Ocean Cleanup System Faces First Open-Water Test
Engineering360 News Desk | January 04, 2016The Ocean Cleanup foundation will deploy a 100-meter-long barrier segment in the second quarter of 2016 in the North Sea, 23 km off the coast of The Netherlands, in one of the first open-water tests of a design intended to help remove plastic from the Pacific Ocean.
The concept uses natural ocean currents and winds to passively transport plastic toward a collection platform. Instead of using nets and vessels to remove the plastic from the water, solid floating barriers are used to minimize the chance of entangling sea life.
The concept uses natural ocean currents and winds. Image credit: The Ocean Cleanup.The main objective of the North Sea test is to monitor the effects of real-life sea conditions, with a focus on waves and currents. The motions of the barrier and the loads on the system will be monitored. The test is also designed to help engineers prepare for the Coastal Pilot, the group's first operational cleanup system planned for deployment off the coast of Tsushima Island, Japan, in the second half of 2016.
The technology uses a V-shaped array of floating barriers attached to the seabed to catch plastic deposited there by ocean currents.
Beneath the booms, a submerged non-permeable screen helps concentrate plastic that is suspended under the surface. Most of the current passes under the screen. This carries away all neutrally buoyant sea life and helps to prevent by-catch. The lighter-than-water plastic collects in front of the floating barriers.

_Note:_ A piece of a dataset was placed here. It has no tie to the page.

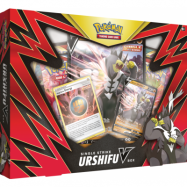 Pokémon Single Strike Urshifu V Box Samlarkort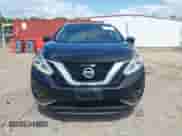 2018 Nissan Murano SV z VIN 5N1AZ2MG3JN122896, wystawiony jako IAAI lot #42525477 z przebiegiem 158 243 mil mil oraz . Historia ofert i sprzedaży dostępna na DreamBid. Obrazek 12.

A scalable array of floating barriers moves plastics toward the center of the structure like a funnel. This enables a central platform to extract and store the debris until it is transported to land for recycling. Intended for large-scale deployment, it is designed to harvest plastic from millions of square kilometers of ocean.
The plan is for a system 100 kilometers long to be deployed in 2020 in what is known as the Great Pacific Garbage Patch. Project engineers believe that by deploying the system for 10 years, almost half of the plastic within that zone could be removed.